Sometimes it’s necessary to deduplicate your akka stream. Currently, akka streams does not yet provide a built-in filter for duplicates. The small akvokolekta library adds this functionality 1 to the akka streams library.

TL;DR

Add Sonatype snapshot repository and akvokolekta library to your build.sbt

resolvers += Resolver.sonatypeRepo("snapshots")
libraryDependencies += "com.janschulte" %% "akvokolekta" % "0.1.0-SNAPSHOT"

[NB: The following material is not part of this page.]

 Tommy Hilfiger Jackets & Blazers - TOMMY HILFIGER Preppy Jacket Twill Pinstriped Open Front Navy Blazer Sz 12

Use deduplication in your stream

// import akvokolekta implicits
import com.janschulte.akvokolekta.StreamAdditions._

// scala dsl
val deduplicatedSource = Source(List(1, 2, 3, 4, 1, 2, 3, 4)).deduplicate()
val deduplicatedFlow = Flow[Int].deduplicate()

// graph api
import com.janschulte.akvokolekta.graph.Deduplicator
import GraphDSL.Implicits._

// within your flow building
val source = ...
val dedup = builder.add(Deduplicator[Int]())
val sink = ...

source ~> dedup ~> sink

Stream deduplication

Deduplicating a stream requires tracking all elements as they pass through the stream. The easiest approach is to have a set of all the elements that have passed through the stream. When a new element arrives, it is checked for containment in the set. If so, it is discarded because it’s a duplicate. If not, its a new element, let it pass and add it to the set. Needless to say that this approach will sooner or later run out of memory if the number of elements continues to grow.

Algorithms

The solution to this problem is to use sub-linear space algorithms, that is algorithms that “process the input stream using a small amount of space” 1. The algorithm (or data structure) for filtering duplicates out of our stream is the bloom filter . From Wikipedia: “A Bloom filter is a space-efficient probabilistic data structure […] that is used to test whether an element is a member of a set.” 2 A simple explanation of the algorithm can be found directly on the wikipedia page, so I save myself from repeating the millionth bloom filter explanation. The thing to know is, that a bloom filter uses a bit array and a set of hash functions to track duplicates, which consumes far less memory than storing a set with all observed elements. This probabilistic data structure however comes with a trade-off: The risk of false positives.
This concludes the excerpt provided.